In Estonia, I played with JK Tammeka Tartu in the Estonian Premier League. I had a successful trial period in January 2011 and I signed for 6 months. I later left after 3 weeks due to personal reasons.
LB: Wales’ young team have had a bad start to World Cup Qualifying. Which (if any) of the current team did you play with when you played for Wales in your younger days? Who was the best? Is there anyone that you are surprised hasn’t made it yet?
LK: There were a few players around the Welsh scene when I was younger including Aaron Ramsey, Gareth Bale, Chris Gunter, Joe Allen,Rhys Taylor, Darcy Blake and also former U21 captain Shaun Macdonald. The best player I played with was Joe Allen. He has unbelievable ability and is going to be a world class player in the future. I was quite surprised that Scott Evans (former Swansea / Man City) player never got to the U21’s or 1st team because he was always highly thought of.

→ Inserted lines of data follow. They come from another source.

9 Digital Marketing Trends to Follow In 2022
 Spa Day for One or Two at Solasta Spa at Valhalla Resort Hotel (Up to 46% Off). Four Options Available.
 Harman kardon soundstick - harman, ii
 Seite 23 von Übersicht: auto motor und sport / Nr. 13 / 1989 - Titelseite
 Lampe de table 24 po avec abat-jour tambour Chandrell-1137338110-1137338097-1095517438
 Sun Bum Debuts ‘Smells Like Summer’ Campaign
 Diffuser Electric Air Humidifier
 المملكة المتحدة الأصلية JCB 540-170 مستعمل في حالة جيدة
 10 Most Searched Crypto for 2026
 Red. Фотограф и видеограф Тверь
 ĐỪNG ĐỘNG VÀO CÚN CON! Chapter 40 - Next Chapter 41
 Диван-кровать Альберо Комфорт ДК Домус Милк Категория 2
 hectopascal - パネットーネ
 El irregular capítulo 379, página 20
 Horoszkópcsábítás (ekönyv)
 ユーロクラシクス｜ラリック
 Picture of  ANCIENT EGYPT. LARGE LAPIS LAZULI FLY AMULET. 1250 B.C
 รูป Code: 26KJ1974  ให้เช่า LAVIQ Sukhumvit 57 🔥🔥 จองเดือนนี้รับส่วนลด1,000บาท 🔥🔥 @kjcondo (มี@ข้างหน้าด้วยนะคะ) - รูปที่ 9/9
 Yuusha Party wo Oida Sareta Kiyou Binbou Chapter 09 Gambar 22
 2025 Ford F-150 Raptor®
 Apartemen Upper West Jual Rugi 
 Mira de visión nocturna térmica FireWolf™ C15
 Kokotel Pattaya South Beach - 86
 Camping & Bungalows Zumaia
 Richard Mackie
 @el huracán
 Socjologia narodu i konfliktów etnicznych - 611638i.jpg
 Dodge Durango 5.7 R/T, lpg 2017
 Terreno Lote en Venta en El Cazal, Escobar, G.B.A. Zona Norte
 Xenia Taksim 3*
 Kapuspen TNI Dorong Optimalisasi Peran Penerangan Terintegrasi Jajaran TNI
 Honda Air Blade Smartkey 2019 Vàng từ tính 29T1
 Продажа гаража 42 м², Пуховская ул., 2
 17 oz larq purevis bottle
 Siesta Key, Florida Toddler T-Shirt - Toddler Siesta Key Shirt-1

LB: On the Ammanford AFC website, your interesting fact says that you ‘smashed’ Theo Walcott at U15 level. Could you tell us about that?
LK: We were playing for Swansea City away to Southampton in a friendly which Malcolm Elias, former Swansea and Saints’ Head of Academy, set up. Theo was on the wing and none of us could get near him as soon as he started to accelerate. One time I read what he was doing and tackled him fairly but off the pitch at the same time. Shortly afterwards, he went onto Arsenal and England and I will always remember that moment.
LB: It’s around 9 months since Lost Boyos began and we’ve found Welshman all over the world. Would you like to continue living and playing abroad and if so, where?
LK: Yes, the plan is to definitely continue playing abroad. The challenge on and off the field while playing abroad keeps me busy and I look forward to doing it for years to come. I have played in Iceland, Faroe Islands and Estonia so far and I would be open to offers if any other opportunities in other countries came up. To live in Scandinavia is amazing, but I have always wanted to play in the USA at some stage of my career.
LB: What attracts you to playing football in the US?
LK: I have always been a big follower of the MLS; big stadiums, large crowds and that is something I would love to be a part of. Also the country as a whole. It is a great place and I have definitely set a goal to play there in the near future.